If your business needs more money, you may want to tell it bankers to lend you money or to investors to invest money in your business. Taxman also wants to hear about your business to assess tax. And you and your managers want to know how you can improve or make more profit from your business.

Thus, we can categorize those people/organizations into three (3):

  1. People within the organization or internal users, like you and your managers;
  2. People outside the organization or external users, like bankers & investors; and
  3. Government or the taxman.

Because there are three (3) different users, we need to use three (3) different languages. These languages are sometimes called:

  1. Managerial Accounting for internal users.
  2. Financial Accounting for external users.
  3. Tax Accounting for government.

For Managerial Accounting, there is actually “no rule” or “no regulation “, because it is used internally / within the organization. For Financial Accounting, the regulation is called GAAP (Generally Accepted Accounting Principles). And for Tax Accounting, which is regulated by government, the rule is called ITA ITA  (Income Tax Act).

To give examples, annual budgeting, sales performance, variance analysis & other internal reports, are form of Managerial Accounting. Balance sheet, income statement (profit & loss), statement of cash flow, & statement of changes in equity, are form of Financial Accounting.
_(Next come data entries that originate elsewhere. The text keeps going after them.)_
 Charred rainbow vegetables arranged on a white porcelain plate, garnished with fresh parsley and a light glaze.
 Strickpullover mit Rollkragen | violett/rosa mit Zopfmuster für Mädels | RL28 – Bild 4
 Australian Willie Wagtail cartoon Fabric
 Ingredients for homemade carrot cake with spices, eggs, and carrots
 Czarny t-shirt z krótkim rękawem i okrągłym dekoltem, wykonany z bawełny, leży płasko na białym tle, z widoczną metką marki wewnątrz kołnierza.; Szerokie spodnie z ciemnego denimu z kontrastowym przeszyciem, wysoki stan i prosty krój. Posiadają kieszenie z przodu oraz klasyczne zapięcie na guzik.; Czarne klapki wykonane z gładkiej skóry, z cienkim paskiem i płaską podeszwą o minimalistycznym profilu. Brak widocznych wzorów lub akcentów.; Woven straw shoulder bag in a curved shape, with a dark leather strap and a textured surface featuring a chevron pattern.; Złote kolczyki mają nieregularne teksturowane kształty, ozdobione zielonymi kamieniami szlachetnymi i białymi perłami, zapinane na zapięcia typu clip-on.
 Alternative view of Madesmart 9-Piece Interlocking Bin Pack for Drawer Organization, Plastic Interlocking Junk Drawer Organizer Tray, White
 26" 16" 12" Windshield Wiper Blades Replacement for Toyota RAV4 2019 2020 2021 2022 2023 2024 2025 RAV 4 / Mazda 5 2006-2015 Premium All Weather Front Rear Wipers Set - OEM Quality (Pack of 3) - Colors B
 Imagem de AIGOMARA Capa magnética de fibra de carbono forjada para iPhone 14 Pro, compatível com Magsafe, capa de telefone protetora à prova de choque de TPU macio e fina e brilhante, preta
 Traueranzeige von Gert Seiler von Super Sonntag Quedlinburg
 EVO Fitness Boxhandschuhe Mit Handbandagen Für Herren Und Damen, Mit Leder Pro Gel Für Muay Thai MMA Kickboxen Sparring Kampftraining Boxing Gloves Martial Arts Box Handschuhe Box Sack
While T1 form of your personal tax return and T2 form of your corporate return belong to Tax Accounting.

Thus, “Accounting“ essentially is : a language of business ( information system) that

  • Identifies what information to be included/excluded from the business;
  • Record that information (that produce reports); and
  • Communicates that information to three (3) different users :
  1. Internal users, which is called Managerial Accounting, non-regulated ;
  2. External users, which is called Financial Accounting, regulated by GAAP; and
  3. Government, which is called Tax Accounting, based on ITA.